Casinos have long been targetted by those conducting illicit transactions, given that money can easily be converted into chips - or crypto - and made difficult to trace.
On Tuesday, 19th of March, three major anti-money laundering texts were voted in favor of by the EU. These new laws set new identification standards for cryptocurrency activity. Crypto-asset service providers (CASPs) now need to verify users before allowing them to conduct crypto exchanges.
To comply with the new rules, customers will now be required to submit documentation to prove their identity. CASPs will also be required to flag and report any suspicious activity.
This was voted in favor of by the EU’s Committee on Economic and Monetary Affairs and the Joint Committee on Civil Liberties, Justice, and Home Affairs. 68 votes were cast in favor, while only 10 were cast against. Now, all 27 member states will have to comply with these tougher laws.
It follows the Anti-Money Laundering Regulation (AMLR), which was agreed upon and finalized on the 18th of January, 2024. The agreement of the AMLR follows three years' worth of intense negotiations, heightened by the proliferation of cryptocurrency. Besides laundering, this new legislation was passed to prevent terrorist financing.
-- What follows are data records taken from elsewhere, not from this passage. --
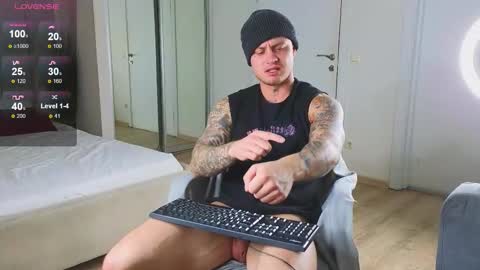 Snapshot of mike___magic chatting on 11.27.25 Mike Magic online show from 11.27.25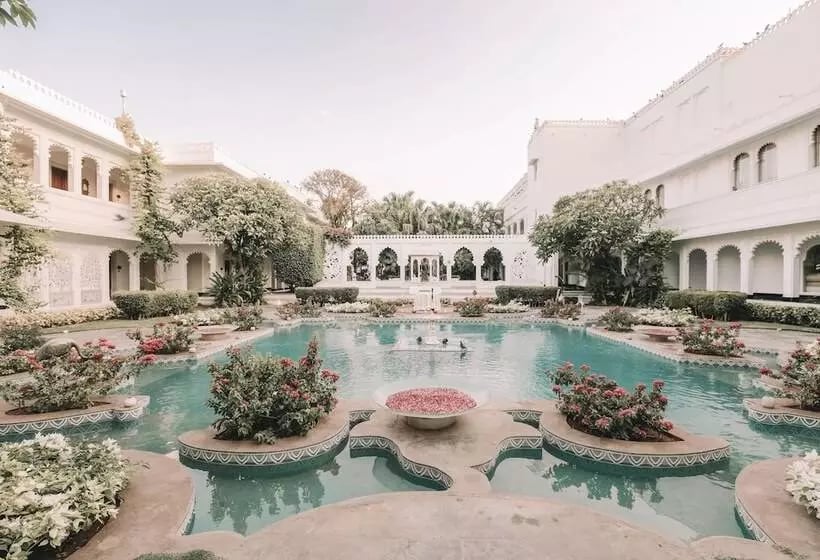 Taj Lake Palace, Udaipur, vibe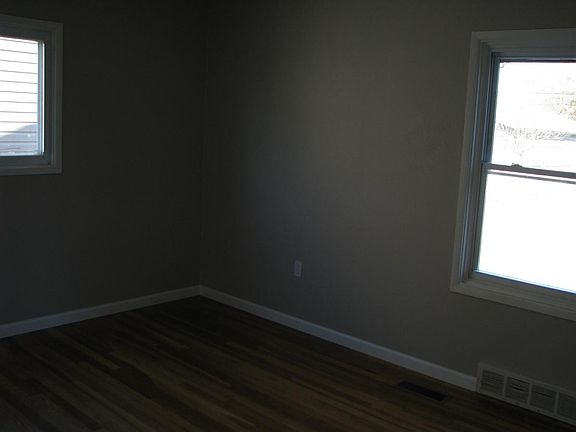2nd image of 617 Lake Ave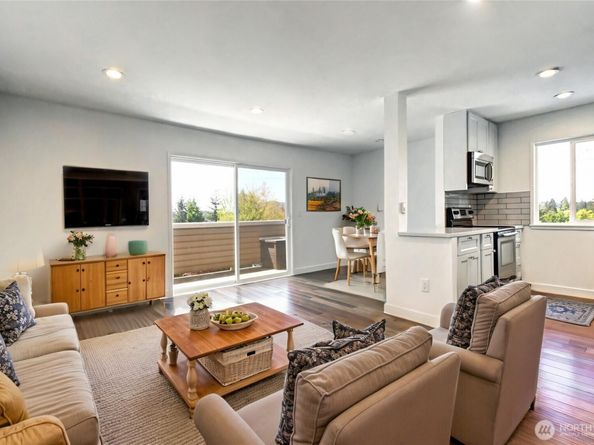 12429 NE 130th Court G201, Kirkland WA 98034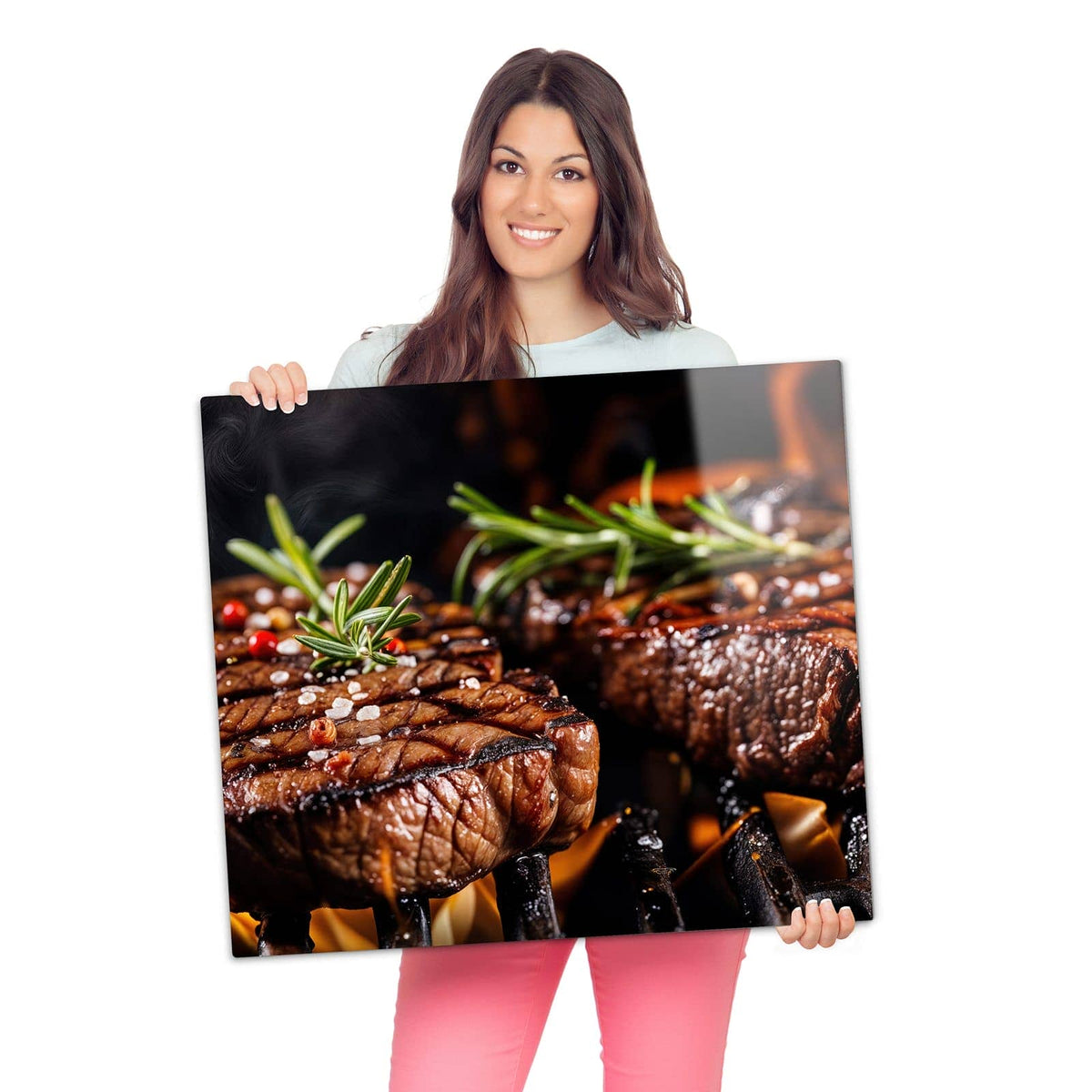 Glasplatte für Herd mit Gegrillte Steaks-Motiv wird zur Größendarstellung gehalten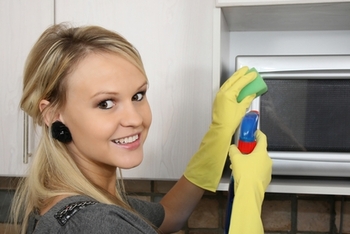 Как отчистить микроволновую печь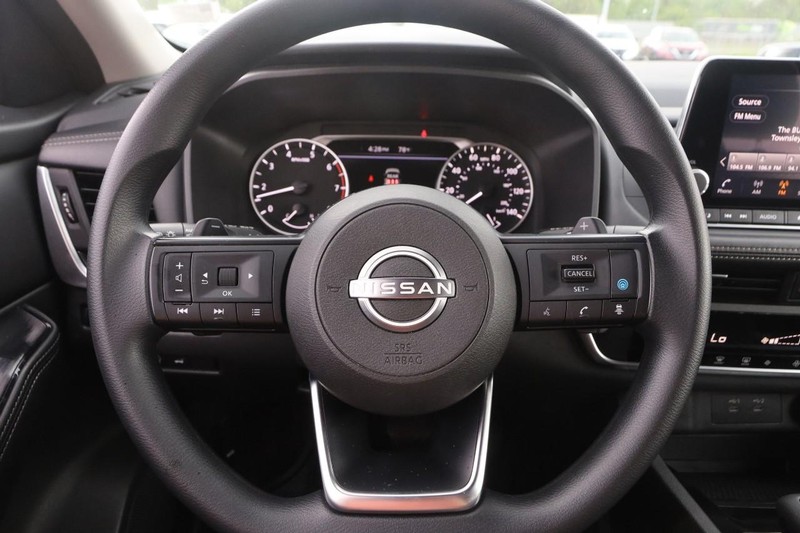 Nissan Rogue Vehicle Image 11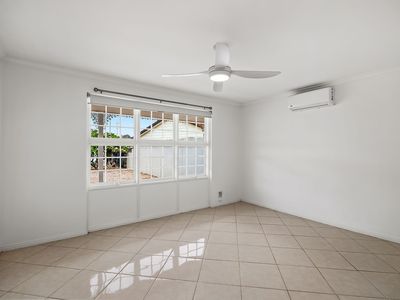 6 Cairney Place, Paralowie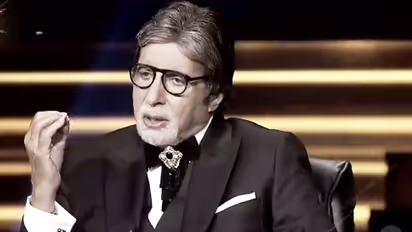 అమితాబ్ కు నేషనల్ యాంటీ టుబాకో ఆర్గనైజేషన్ షాక్.. ఆ ప్రకటనల నుంచి వెంటనే తప్పుకోవాలంటూ...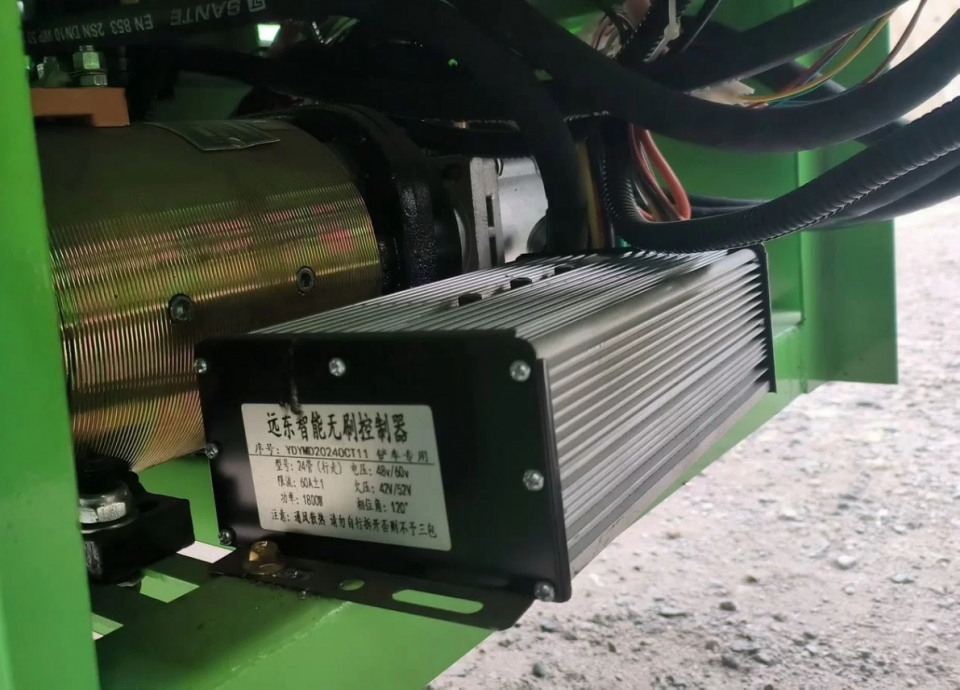  Погрузчик фронтальный New energy EV904.10  2026 года
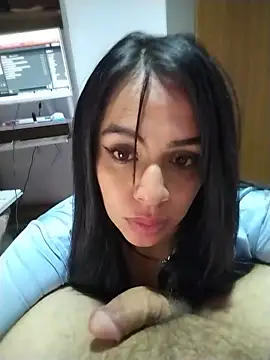 AngelsCouple- Adlı Modelin Canlı XXX Sohbeti
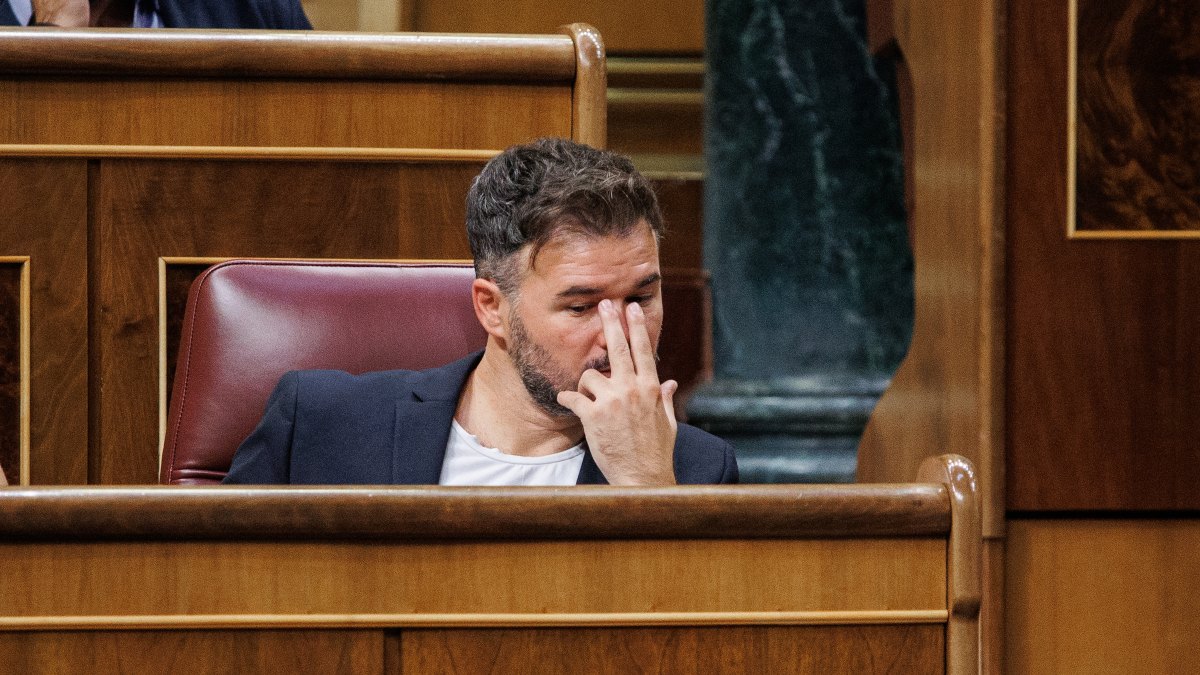 Rufián reprocha a Sánchez sus «rácanas y poco valientes» medidas en el Gobierno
Crypto online casinos aren’t the only type of business affected by the passing of this new law. Other obliged entities include real estate agencies, financial institutions, traders of luxury goods, traders of luxury cars, and even professional football clubs. Basically, any industry that has historically been used for laundering activities will be impacted by this new law.
As hoped by the EU, the new rules will totally irradicate the possibility of criminals hiding illicit funds - or “dirty money” - within all member countries.
To ensure the successful implementation of these new rules, a new authoritative body will be established by the EU. This body will monitor crypto exchange sites and other platforms and ensure that verification measures are being implemented.
According to Chainalysis, a blockchain data and security company, laundering in cryptocurrency dropped in 2023. They estimated that $22.2 billion worth of crypto was sent by illicit addresses last year, which is low compared to their estimate of $31.5 billion in 2022. However, they attribute this to fewer crypto exchanges taking place overall in 2023.